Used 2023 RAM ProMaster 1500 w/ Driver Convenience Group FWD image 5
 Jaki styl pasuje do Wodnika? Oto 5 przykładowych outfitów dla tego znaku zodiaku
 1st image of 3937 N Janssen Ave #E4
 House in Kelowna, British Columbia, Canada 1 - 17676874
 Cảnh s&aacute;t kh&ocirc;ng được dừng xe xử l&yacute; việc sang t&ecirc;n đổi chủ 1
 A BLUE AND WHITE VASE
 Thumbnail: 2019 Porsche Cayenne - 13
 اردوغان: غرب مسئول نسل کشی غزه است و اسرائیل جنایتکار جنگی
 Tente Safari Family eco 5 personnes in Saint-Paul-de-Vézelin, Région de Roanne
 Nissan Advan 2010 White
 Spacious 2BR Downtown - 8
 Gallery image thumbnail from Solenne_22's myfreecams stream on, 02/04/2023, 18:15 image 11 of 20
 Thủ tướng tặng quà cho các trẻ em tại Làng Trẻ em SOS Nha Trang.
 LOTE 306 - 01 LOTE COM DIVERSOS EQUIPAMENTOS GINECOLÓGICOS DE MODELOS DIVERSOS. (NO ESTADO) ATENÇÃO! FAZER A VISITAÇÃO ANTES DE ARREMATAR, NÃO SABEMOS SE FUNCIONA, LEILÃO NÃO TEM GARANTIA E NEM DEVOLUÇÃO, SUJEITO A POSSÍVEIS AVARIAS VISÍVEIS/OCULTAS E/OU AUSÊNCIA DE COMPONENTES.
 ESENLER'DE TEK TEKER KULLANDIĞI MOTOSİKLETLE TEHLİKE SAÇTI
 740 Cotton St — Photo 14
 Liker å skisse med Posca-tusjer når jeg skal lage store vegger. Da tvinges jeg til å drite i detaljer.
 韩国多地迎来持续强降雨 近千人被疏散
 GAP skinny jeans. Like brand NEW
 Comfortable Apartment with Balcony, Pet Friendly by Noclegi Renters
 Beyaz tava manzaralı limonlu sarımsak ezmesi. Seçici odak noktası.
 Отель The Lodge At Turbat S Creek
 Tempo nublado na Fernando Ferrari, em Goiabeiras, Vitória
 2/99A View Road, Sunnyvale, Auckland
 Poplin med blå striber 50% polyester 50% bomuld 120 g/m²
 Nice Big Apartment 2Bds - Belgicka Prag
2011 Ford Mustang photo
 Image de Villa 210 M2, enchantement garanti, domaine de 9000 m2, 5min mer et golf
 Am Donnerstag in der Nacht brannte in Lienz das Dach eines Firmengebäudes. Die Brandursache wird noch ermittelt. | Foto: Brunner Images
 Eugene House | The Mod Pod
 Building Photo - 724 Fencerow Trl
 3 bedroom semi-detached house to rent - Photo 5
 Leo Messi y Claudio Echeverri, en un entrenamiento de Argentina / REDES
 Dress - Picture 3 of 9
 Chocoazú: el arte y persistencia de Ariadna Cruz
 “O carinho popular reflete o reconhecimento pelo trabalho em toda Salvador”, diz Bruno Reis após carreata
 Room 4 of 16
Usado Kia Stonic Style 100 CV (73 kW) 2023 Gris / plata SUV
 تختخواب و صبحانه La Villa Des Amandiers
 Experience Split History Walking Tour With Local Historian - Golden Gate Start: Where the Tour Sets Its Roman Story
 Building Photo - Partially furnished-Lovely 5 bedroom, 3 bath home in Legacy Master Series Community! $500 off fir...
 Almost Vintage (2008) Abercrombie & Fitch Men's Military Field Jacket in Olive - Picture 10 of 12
-- -- --
▸ **TASK TO CARRY OUT**:
From the data above, count the lines that hold the string "Building". Reply with only that number.

▸ **REPLY TO THE EXERCISE**:
2